Casi cada frase de este artículo describe algo que, en cualquier otra Casa Blanca, habría sido una de las cosas más descabelladas que se le hayan oído hacer a un presidente, si no un escándalo que podría haber arruinado su carrera. En esta presidencia, son simplemente un día cualquiera. Y apenas parecen influir en el apoyo a Trump, que parece estar determinado en gran medida por la percepción pública de la economía.

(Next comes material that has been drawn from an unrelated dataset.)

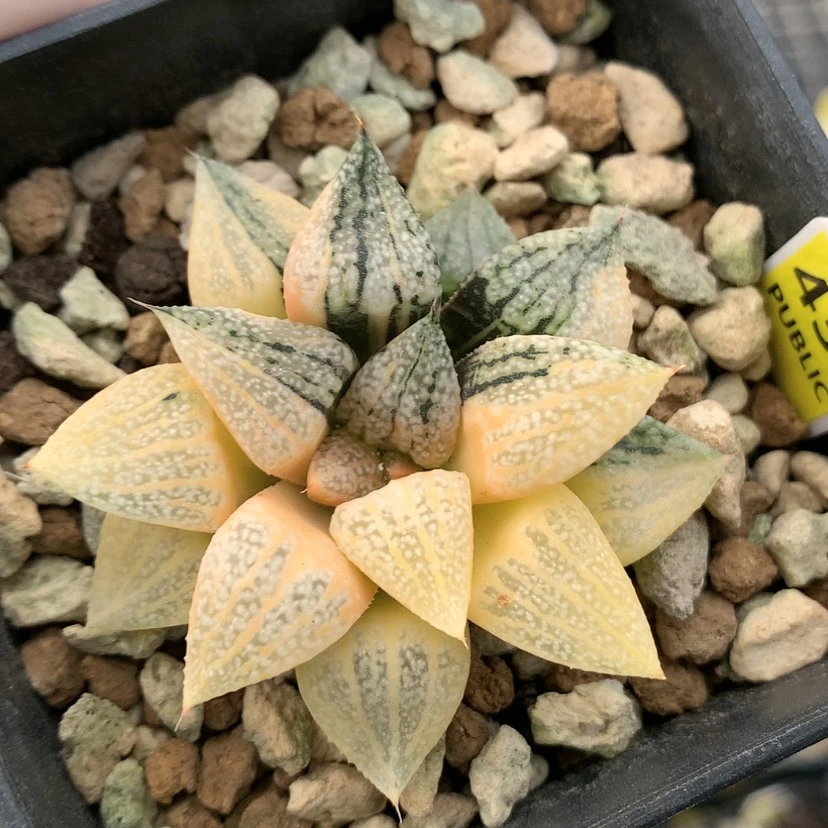 【闪购商品】红陶20CM以下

Este es un fenómeno sociopolítico realmente desconcertante. Es casi como si, al abrumarnos con escándalos, crímenes y diversas fechorías, Trump simplemente nos hubiera insensibilizado. O tal vez se trate de una sobresaturación. Incluso para alguien que trabaja en el ámbito político, es imposible estar al tanto de todo; así que imagínense lo difícil que debe ser para la persona promedio, para quien consumir noticias puede ser solo una pequeña parte del día, no especialmente placentera, encajada entre el trabajo, la familia y el ocio.

En cualquier caso, surge la pregunta: ¿Ha innovado el presidente una nueva estrategia política de la que pueda aprender una futura administración republicana o incluso la izquierda? ¿O se trata simplemente de un poder singular del que solo Trump es capaz?